From: Christian Brauner <brauner@kernel.org>
To: Aleksa Sarai <cyphar@cyphar.com>
Cc: Alexander Viro <viro@zeniv.linux.org.uk>, Jan Kara <jack@suse.cz>,
Jonathan Corbet <corbet@lwn.net>, Shuah Khan <shuah@kernel.org>,
linux-kernel@vger.kernel.org, linux-fsdevel@vger.kernel.org,
linux-api@vger.kernel.org, linux-doc@vger.kernel.org,
linux-kselftest@vger.kernel.org
Subject: Re: [PATCH RFC v2 3/4] procfs: add PROCFS_GET_PID_NAMESPACE ioctl
Date: Thu, 24 Jul 2025 09:34:59 +0200 [thread overview]
Message-ID: <20250724-beobachten-verfassen-9a39c0318341@brauner> (raw)

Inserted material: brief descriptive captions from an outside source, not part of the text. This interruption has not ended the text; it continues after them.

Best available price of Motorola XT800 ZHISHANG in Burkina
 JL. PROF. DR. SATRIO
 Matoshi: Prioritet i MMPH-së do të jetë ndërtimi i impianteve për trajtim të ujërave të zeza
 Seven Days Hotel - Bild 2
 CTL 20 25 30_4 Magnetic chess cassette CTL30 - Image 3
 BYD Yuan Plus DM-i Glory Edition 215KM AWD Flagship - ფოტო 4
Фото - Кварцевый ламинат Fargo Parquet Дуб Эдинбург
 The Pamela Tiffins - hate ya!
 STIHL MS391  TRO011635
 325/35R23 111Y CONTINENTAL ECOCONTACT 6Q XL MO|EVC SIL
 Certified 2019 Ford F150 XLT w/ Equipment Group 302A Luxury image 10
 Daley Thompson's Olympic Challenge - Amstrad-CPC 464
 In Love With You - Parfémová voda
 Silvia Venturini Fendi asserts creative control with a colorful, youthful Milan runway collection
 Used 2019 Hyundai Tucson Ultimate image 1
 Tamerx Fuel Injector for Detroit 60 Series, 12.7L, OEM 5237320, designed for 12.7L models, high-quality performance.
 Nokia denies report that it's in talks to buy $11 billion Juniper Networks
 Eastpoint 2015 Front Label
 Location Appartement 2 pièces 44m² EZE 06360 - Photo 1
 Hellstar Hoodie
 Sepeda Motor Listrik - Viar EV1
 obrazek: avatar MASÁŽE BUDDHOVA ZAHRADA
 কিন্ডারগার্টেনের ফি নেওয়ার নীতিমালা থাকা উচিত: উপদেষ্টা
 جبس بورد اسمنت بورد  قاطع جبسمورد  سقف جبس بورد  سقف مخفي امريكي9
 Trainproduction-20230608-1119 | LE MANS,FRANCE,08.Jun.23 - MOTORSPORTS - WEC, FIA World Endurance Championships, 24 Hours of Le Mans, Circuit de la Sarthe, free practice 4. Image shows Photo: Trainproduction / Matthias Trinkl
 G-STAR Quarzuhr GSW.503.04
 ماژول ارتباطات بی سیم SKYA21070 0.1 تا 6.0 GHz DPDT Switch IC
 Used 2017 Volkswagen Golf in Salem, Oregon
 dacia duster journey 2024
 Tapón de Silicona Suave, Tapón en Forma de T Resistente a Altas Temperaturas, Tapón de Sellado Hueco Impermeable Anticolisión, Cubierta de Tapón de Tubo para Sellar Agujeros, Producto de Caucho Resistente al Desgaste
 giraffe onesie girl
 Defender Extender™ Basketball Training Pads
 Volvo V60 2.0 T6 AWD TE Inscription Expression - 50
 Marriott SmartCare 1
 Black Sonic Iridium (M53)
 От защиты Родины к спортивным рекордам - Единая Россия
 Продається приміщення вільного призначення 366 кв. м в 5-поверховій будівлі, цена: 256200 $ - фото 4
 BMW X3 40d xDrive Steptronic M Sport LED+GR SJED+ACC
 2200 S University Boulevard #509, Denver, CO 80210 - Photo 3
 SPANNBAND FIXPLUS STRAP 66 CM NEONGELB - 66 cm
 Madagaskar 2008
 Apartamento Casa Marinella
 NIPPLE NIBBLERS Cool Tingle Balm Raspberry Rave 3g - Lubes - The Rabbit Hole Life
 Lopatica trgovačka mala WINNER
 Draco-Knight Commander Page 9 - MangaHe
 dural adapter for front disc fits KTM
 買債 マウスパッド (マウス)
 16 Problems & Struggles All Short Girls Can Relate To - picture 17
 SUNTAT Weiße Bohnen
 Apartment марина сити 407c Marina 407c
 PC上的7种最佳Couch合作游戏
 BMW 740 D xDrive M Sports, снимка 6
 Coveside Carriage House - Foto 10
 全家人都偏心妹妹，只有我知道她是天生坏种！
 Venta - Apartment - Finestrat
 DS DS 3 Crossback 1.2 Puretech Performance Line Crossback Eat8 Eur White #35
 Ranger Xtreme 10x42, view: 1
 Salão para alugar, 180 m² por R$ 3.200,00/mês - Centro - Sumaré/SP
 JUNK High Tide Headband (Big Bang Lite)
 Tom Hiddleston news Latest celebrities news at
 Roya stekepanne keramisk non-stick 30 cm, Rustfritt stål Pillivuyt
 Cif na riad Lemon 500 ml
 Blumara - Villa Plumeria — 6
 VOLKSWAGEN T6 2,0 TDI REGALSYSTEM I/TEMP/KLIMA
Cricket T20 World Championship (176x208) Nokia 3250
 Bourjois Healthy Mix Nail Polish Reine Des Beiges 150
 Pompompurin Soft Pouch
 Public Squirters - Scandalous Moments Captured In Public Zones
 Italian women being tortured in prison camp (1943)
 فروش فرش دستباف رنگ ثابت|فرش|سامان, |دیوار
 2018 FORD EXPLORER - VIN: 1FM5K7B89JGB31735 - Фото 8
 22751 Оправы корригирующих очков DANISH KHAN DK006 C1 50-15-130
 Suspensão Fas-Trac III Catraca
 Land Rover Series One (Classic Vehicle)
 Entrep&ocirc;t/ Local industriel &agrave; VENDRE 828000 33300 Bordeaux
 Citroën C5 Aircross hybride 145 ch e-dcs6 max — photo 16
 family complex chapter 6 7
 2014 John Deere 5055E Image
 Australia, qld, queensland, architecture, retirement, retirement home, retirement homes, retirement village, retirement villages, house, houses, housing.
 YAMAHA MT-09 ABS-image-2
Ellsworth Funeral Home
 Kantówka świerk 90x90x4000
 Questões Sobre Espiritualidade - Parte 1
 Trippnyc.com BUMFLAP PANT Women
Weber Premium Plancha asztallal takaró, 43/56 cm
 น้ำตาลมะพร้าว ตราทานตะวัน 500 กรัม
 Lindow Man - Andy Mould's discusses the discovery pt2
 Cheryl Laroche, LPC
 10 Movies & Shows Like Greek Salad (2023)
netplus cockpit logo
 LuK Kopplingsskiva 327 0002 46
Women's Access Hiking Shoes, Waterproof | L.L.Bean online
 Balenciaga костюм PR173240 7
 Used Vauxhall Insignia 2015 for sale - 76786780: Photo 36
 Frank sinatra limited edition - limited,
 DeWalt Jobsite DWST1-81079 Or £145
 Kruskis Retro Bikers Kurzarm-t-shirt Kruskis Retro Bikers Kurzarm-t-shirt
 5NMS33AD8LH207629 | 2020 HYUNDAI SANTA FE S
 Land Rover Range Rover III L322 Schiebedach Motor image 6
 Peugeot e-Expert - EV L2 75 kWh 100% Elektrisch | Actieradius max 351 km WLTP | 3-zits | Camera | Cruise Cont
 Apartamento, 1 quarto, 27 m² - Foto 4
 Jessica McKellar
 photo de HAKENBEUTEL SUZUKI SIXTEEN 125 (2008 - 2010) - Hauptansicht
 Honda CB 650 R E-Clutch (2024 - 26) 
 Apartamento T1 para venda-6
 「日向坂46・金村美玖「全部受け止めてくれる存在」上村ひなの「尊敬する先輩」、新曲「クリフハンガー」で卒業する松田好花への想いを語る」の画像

In-Reply-To: <20250723-procfs-pidns-api-v2-3-621e7edd8e40@cyphar.com>
On Wed, Jul 23, 2025 at 09:18:53AM +1000, Aleksa Sarai wrote:
> /proc has historically had very opaque semantics about PID namespaces,
> which is a little unfortunate for container runtimes and other programs
> that deal with switching namespaces very often. One common issue is that
> of converting between PIDs in the process's namespace and PIDs in the
> namespace of /proc.
>
> In principle, it is possible to do this today by opening a pidfd with
> pidfd_open(2) and then looking at /proc/self/fdinfo/$n (which will
> contain a PID value translated to the pid namespace associated with that
> procfs superblock). However, allocating a new file for each PID to be
> converted is less than ideal for programs that may need to scan procfs,
> and it is generally useful for userspace to be able to finally get this
> information from procfs.
>
> So, add a new API for this in the form of an ioctl(2) you can call on
> the root directory of procfs. The returned file descriptor will have
> O_CLOEXEC set. This acts as a sister feature to the new "pidns" mount
> option, finally allowing userspace full control of the pid namespaces
> associated with procfs instances.
>
> The permission model for this is a bit looser than that of the "pidns"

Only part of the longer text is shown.